LA MALEDIZIONE DELLA PERENNE DISPONIBILITÀ NEL CONTEMPORANEO

Lo sfruttamento lavorativo oggi è condannato da tutti i fronti, le nuove tecnologie e il progresso hanno reso possibile un indubbio miglioramento di quasi tutte le realtà lavorative, perlomeno occidentali. Ma siamo sicuri che questo miglioramento tecnologico abbia avuto solamente un miglioramento della condizione del lavoratore? È vero che solo in paesi sottosviluppati ci sia un eccessivo sfruttamento della forza lavoro?

È ovvio, e fuori di ogni dubbio che la situazione peggiore in senso assoluto se la stiano vivendo tutti quelle regioni altamente sfruttate per il basso costo d’impiego e la quasi totale assenza di una qualsivoglia tutela lavorativa, ma utilizzando un occhio più critico emerge che anche la nostra realtà occidentale non sia solo rosa e fiori, ma che al contrario sottenda al di sotto della superficie idilliaca, una realtà più subdola e ambigua.

A questo proposito sono infatti già stati scritti numerosi saggi e interi libri. Grandi pensatori e studiosi hanno elaborato una grande quantità di materiale sull’argomento, ponendo l’attenzione su quanto la situazione che stiamo vivendo non sia proprio ciò che appare.

Mai come oggi l’individuo è costretto a vivere in una situazione di costante disponibilità, al lavoratore è richiesto di diventare controllore di sé stesso, il che non lo libera affatto dalle attenzioni di controllori esterni di vario tipo. Questo monitoraggio, sia esterno che individuale, continuo è strettamente legato alla precarietà, proprio a causa della enorme quantità di occhi puntati su di lui, l’individuo è perennemente in bilico e in lotta al fine di mantenere le migliori performance ed essere superiore ai suoi competitors.

E il lavoro precario presenta intrinsecamente una richiesta al contempo ironica e angosciante: da un alto il lavoro non finisce mai; dall’altro il lavoratore precario è del tutto sacrificabile, anche dopo aver sacrificato la propria autonomia per mantenere il lavoro. Risulta evidente da ciò come, mai quanto oggi, l’individuo risulti (non sempre ma nella gran parte delle volte e situazioni) quasi al pari di una semplice macchina che svolge un compito, e se non adempie in modo ottimale e sempre efficiente a quest’ultimo, urge reperire una macchina migliore e più efficiente.

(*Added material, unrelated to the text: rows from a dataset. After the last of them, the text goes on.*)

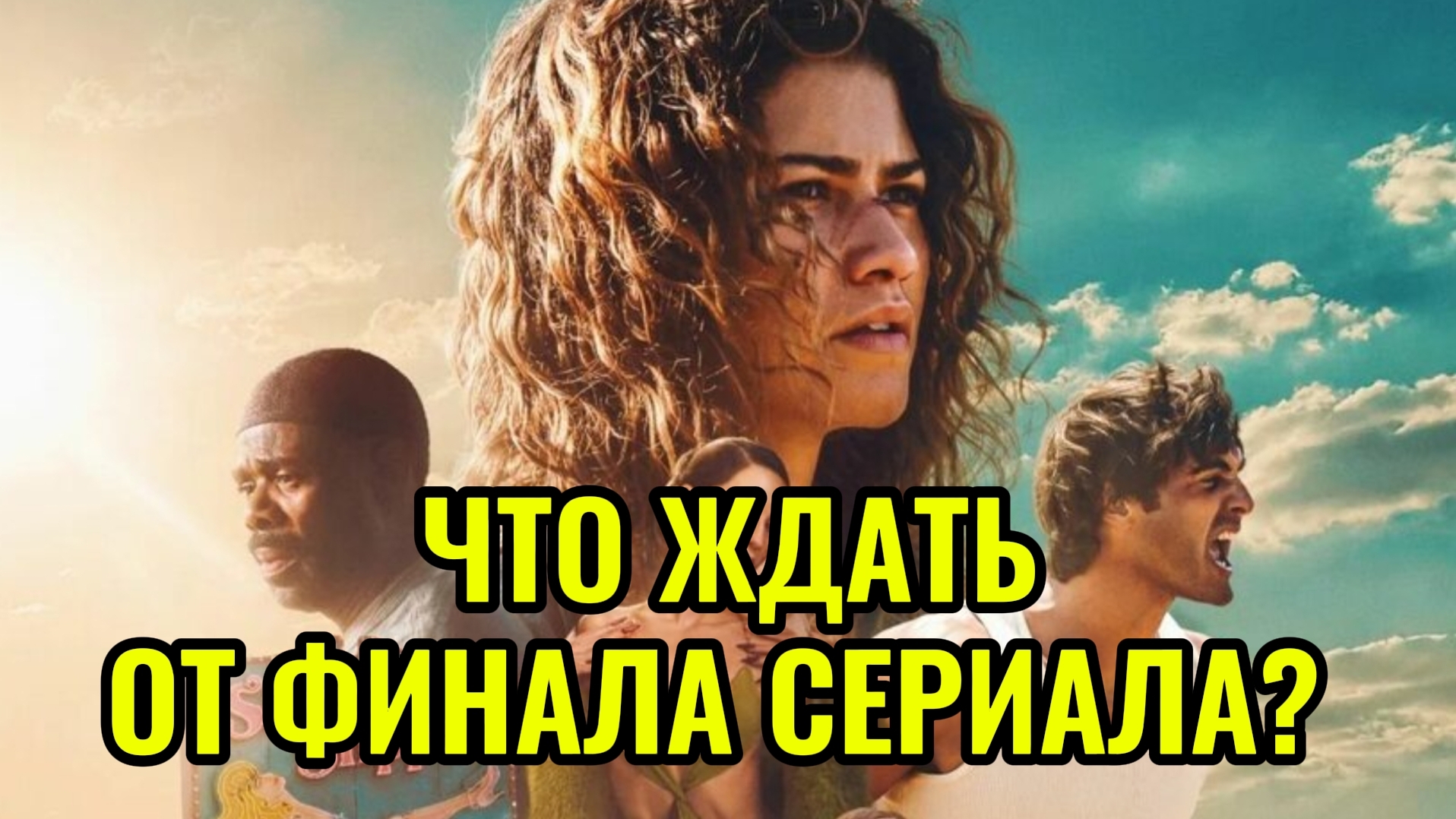 Эйфория 3 сезон 8 серия Финал Смотреть онлайн разбор Чем закончится сериал? Теории Мысли Догадки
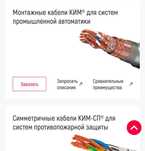 Кабель монтажный экранированный МКЭШВнг(A)-LS 1х2х1 мм2, 10м
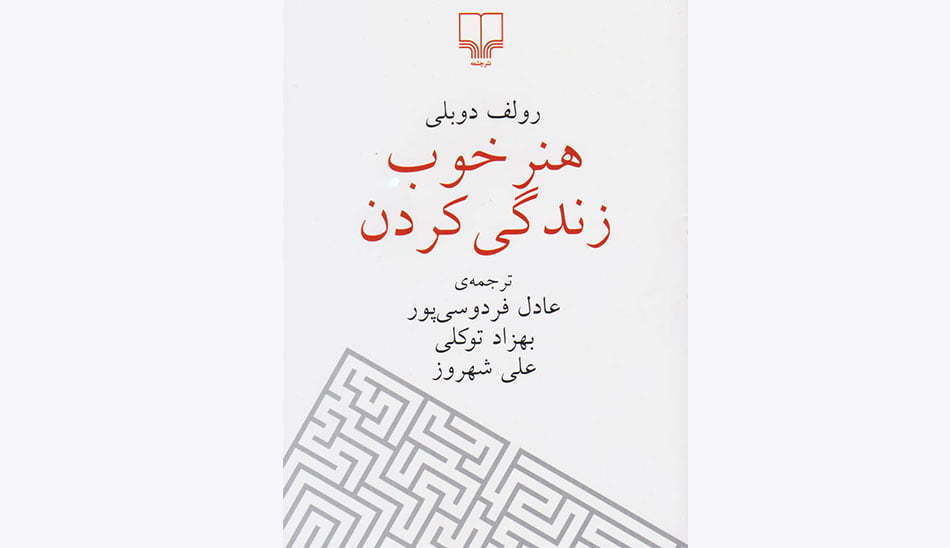 معروف ترین کتاب های روانشناسی دنیا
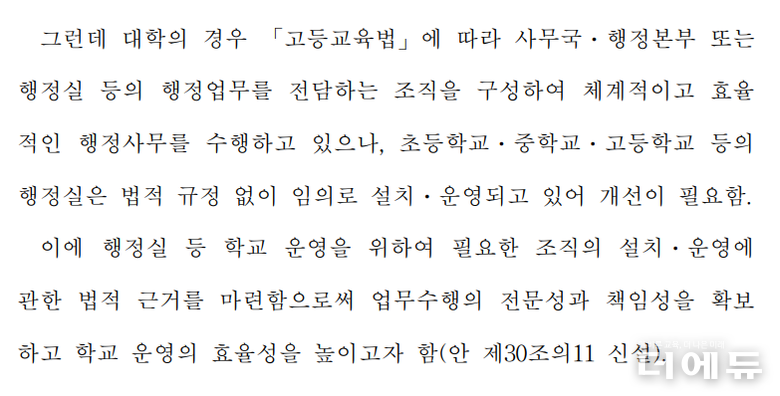 김문수 의원은 초중등학교 행정실 법제화의 이유를 대학의 체계와 비교해 설명했다.(사진=김문수 의원 초중등교육법 개정안 제안이유 부분 캡처)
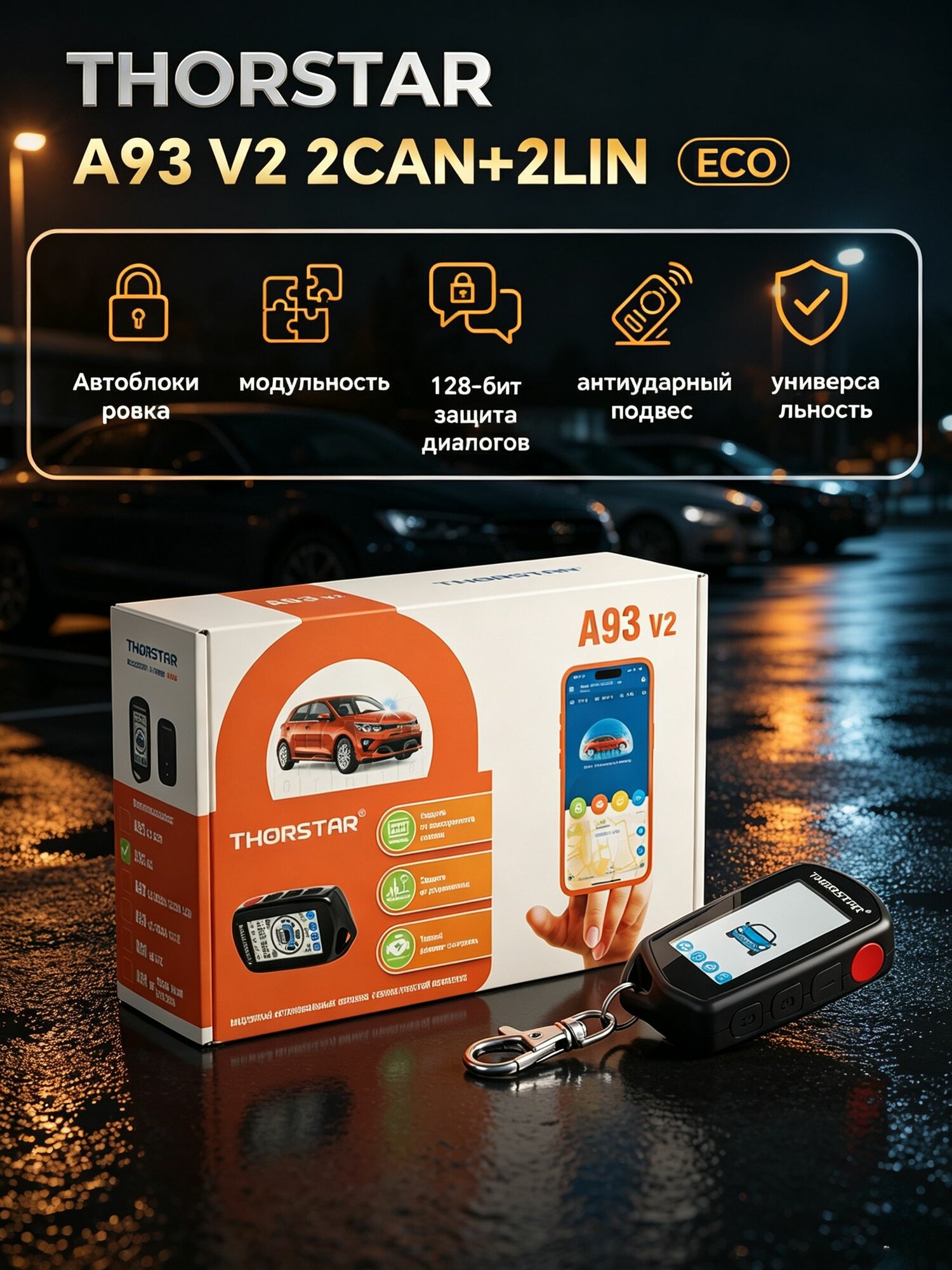 Thorstar A93 v2 2CAN+2LIN Автосигнализация с автозапуском 1шт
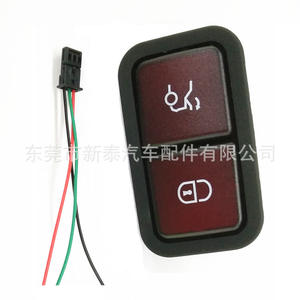 Interruptor Eléctrico de Doble Botón para Puerta Trasera Mercedes-Benz NT-P-2175 Negro ABS para Maletero 12-18 Transmisión Automática - Product Image 1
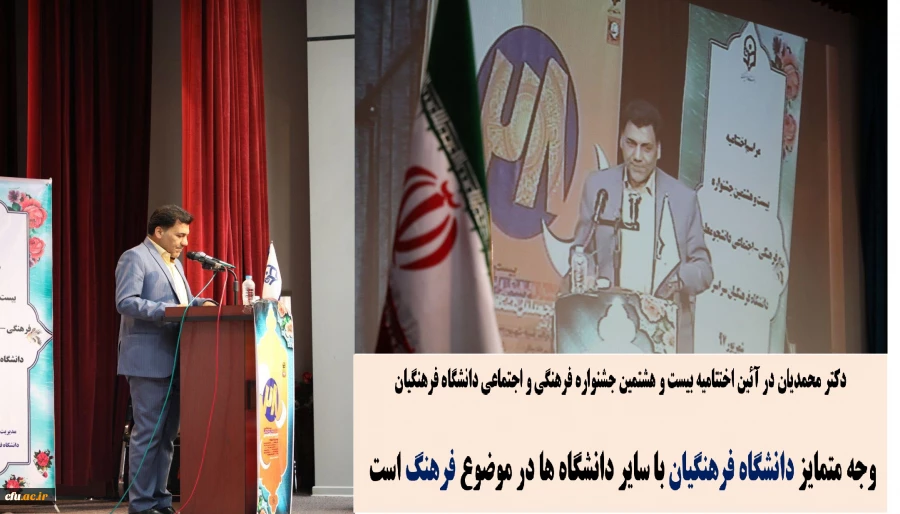 دکتر محمدی: وجه متمایز دانشگاه فرهنگیان با سایر دانشگاه ها در موضوع فرهنگ است و این امر نقطه ممتاز تربیت معلم است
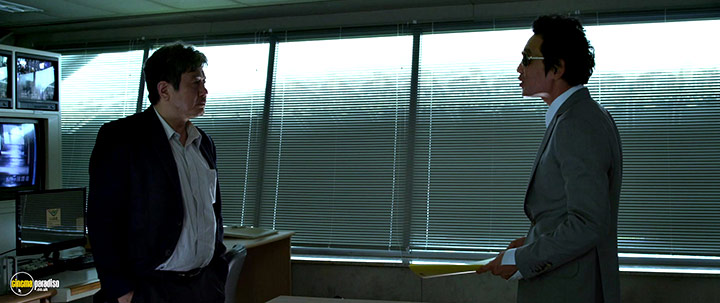A still #42 from New World (2013)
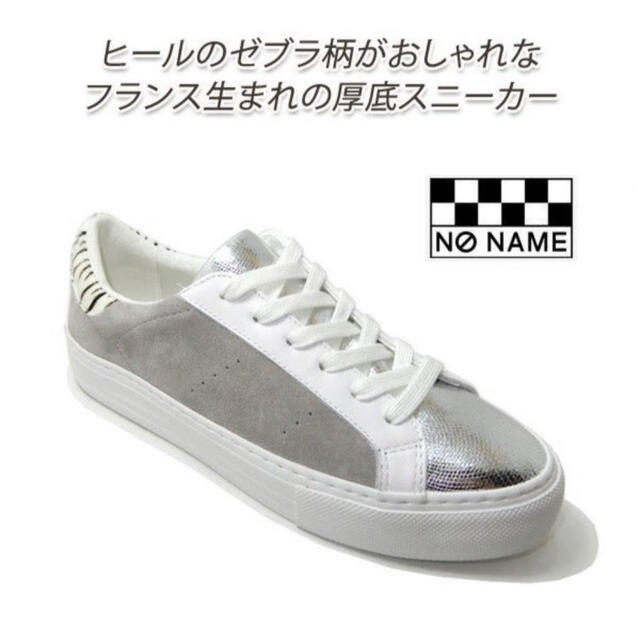NO NAME ノーネーム スニーカー シルバー 21J221 選ぶなら 72.0%OFF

Un ulteriore problema emerge proprio dalla dinamica sopra descritta. Questo se consideriamo la società contemporanea come una società della prestazione, interamente dominata dal verbo potere, cosa che effettivamente è nella sua preponderanza. Come imprenditore di sé stesso, il lavoratore, o soggetto di prestazione è libero dal momento che nessuno idealmente lo comanda, ma in realtà non è libero, perché egli sfrutta sé stesso del tutto volontariamente. Lo sfruttatore è lo sfruttato. L’autosfruttamento è molto più efficace dello sfruttamento estraneo, perché si accompagna a un sentimento di libertà. Lo sfruttamento diventa così possibile anche senza dominio.

L’intensità e la precarietà di questa cultura lavorativa tardocapitalista getta l’individuo in una condizione al tempo stesso di sfinimento e sovrastimolazione. Si crea così un’apparente situazione quasi ideale, senza brutture e dove l’individuo è totalmente libero e autonomo, che però risulta del tutto fittizia, solamente una facciata. Bisogna sempre interrogarsi sulla propria effettiva condizione, e soprattutto riflettere su ciò per cui si sacrifica tutto quel tempo. È davvero sacrificandoci quasi totalmente senza neanche rendercene conto che vogliamo vivere la nostra vita? Come diceva Goethe: «Nessuno è più schiavo di colui che si ritiene libero senza esserlo».